Come si scelgono i settori strategici su cui investire? «Il programma Horizon 2020 già ci dà indicazioni sulle strategie del sistema Europa. Noi dobbiamo capire in quali aree siamo maggiormente attrattivi e competitivi. E lo siamo sicuramente, per esempio, nelle biotecnologie e nella meccanica di precisione: in questi settori possiamo continuare a lavorare. Ma non possiamo inventarci oggi delle competenze dal nulla o ripescarle da un passato dismesso. Ad esempio, la ricerca sul nucleare è stata abbandonata dal nostro Paese anni orsono, tornarci oggi non sarebbe adeguato. Ma bisogna stare attenti perché se ci muovessimo solo nella direzione indicata dalle strategie europee e non lasciassimo anche spazi alla ricerca spinta dalla curiosità, rischieremmo di essere pronti sul breve ma non sul medio lungo periodo. Una parte dei finanziamenti va assicurata a giovani che vogliono fare ricerche al di fuori dei settori strategici».
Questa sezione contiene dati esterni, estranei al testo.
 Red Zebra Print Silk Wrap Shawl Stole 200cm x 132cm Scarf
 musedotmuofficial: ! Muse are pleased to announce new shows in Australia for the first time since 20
A proposito di giovani, come possiamo far loro ritrovare la voglia di scegliere la scienza come lavoro? «Altri Paesi come la Finlandia o il Canada hanno cominciato dalla scuola primaria: insegnare la bellezza di trovare qualcosa di nuovo, far sviluppare la curiosità, sono essenziali per il ricercatore. Lo scienziato è uno che riesce a pensare l’inimmaginabile. Va quindi sviluppata l’attività creativa. Ma non basta: bisogna creare una filiera attenta alla ricerca, dalla scuola primaria all’impresa». Eppure nelle imprese del nostro Paese, dice l’indagine europea sull’innovazione pubblicata recentemente, ci sono pochi laureati. Come mai? «Il problema è sempre la dimensione: la percentuale di laureati nelle grandi imprese è più alta, diminuisce invece in quelle medie e piccole. In generale, vale la regola che in un Paese più laureati ci sono, meglio è. Quindi va sicuramente incentivato l’ingresso nelle università. Di conseguenza vanno incentivate e favorite le attrazioni e gli insediamenti di grandi imprese a forte base di conoscenza capaci di assorbirli adeguatamente nei loro organici e garantire loro unsuccesso professionale ed umano. Come del resto hannofatto e stanno facendo i Paesi emergenti, India, Singapore, Corea del Sud, Brasile e Cina».
Lei ha scritto che oggi creatività e vocazione non bastano più per fare scienza. Cos’altro ci vuole? «Ci vogliono condizioni al contorno adeguate. Senza soldi, laboratori, stipendi sicuri non si può fare nulla. Perché tutti sono pronti ad accettare un periodo di precariato, ma dire che in queste condizioni si produce meglio non è vero».